What specific understandings of — and interventions against — forms of subordination inherent to liberal capitalism must be integrated into, or considered along with, work on structural racism?

* * *

These are further thoughts on the AALS’s recent excellent Workshop on “Post Racial” Civil Rights Law, Politics and Legal Education, subtitled New and Old Color Lines in the Age of Obama…  Many thanks to the entire Planning Committee — Professors Devon Carbado (Chair), Ian Haney LopezAudrey McFarlaneReva Siegel, and Stephanie Wildman —  for their work.

During the final event of the conference, Professor Lani Guinier spoke about the misperception of racism as only individual, intentional acts based on racial animosity.  Professor Guinier explained that race is structural. Given:

(1) our long history of systemic and violent racial subordination — from occupation, genocide, removal, and slavery to exclusion, internment, segregation, and profiling;

and:

(2)  contemporary race-neutral governance which actively ignores continuing disparate racial distributions of opportunity and suffering;

we must understand racism not only as a private moral harm but also as a public political problem — as Professor Kendall Thomas and Professor Ian Haney Lopez, among others, have regularly persuasively argued.

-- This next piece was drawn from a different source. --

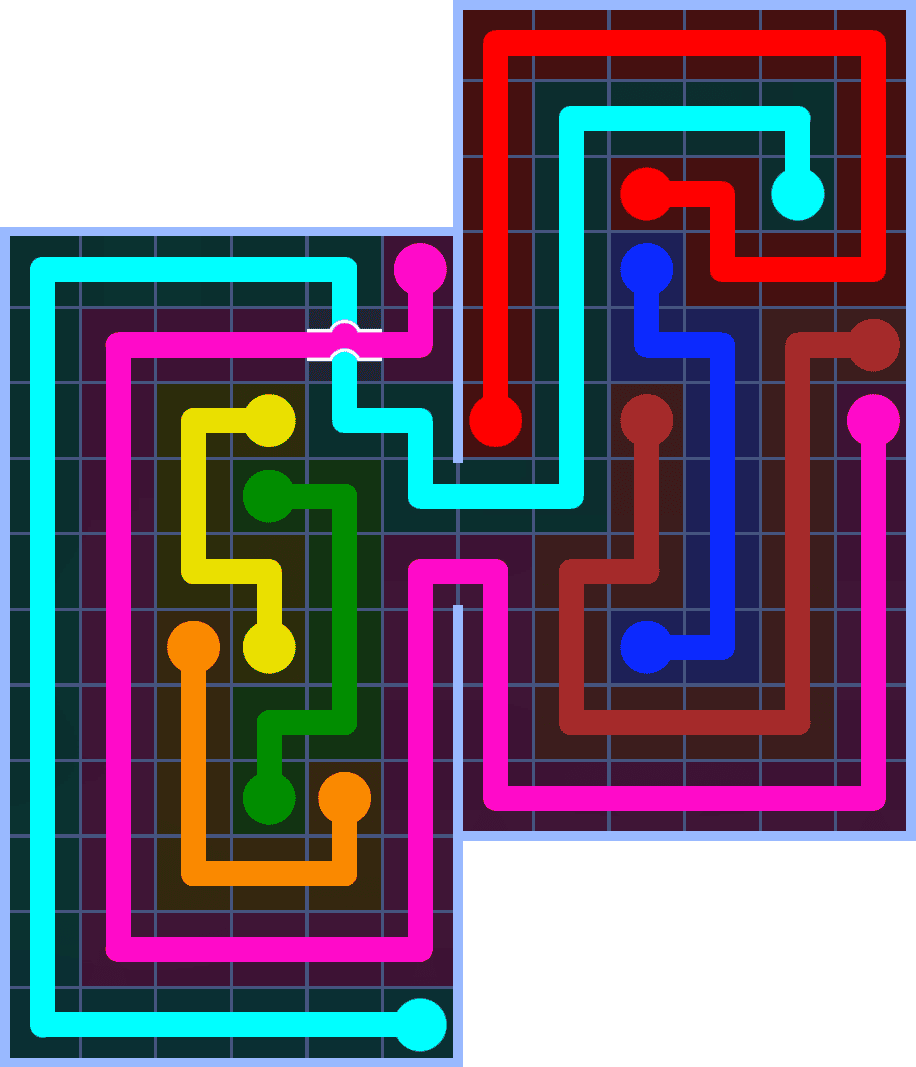 Flow Free 7236 Solution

To depict the persistence of structural racism in an intentionally antiracist society, Professor Guinier used an apt visual metaphor.  Given longstanding inequalities, as well as long-term consolidations of power and privilege, opportunity and suffering in the U.S. are distributed within a pyramid.  There’s very little room at the top.  There’s a lot at the bottom.  Those individuals and groups who are now, or were historically, subject to subordination or excluded from power and privilege disproportionately end up in the basement, although some individual members of subordinated groups — such as President Obama — may make it all the way to the top.  As Guinier described this vertical, hierarchical, maintenance of racism, I could only also think about capitalism.

The pyramid isn’t accidental.  It’s a scheme.  The visual metaphor Professor Guinier used to describe racial injustice is apt too for representing conditions of existence within liberal capitalism.  I wanted then to ask Professor Guinier, and so now ask anyone reading:  What about the money?   What specific understandings of — and interventions against — forms of subordination inherent to liberal capitalism must be integrated into, or considered along with, work on structural racism?  There are plenty of extant options.  [Consider Professor Angela Harris’s post on this very blog.]  Which does our work need?  Why?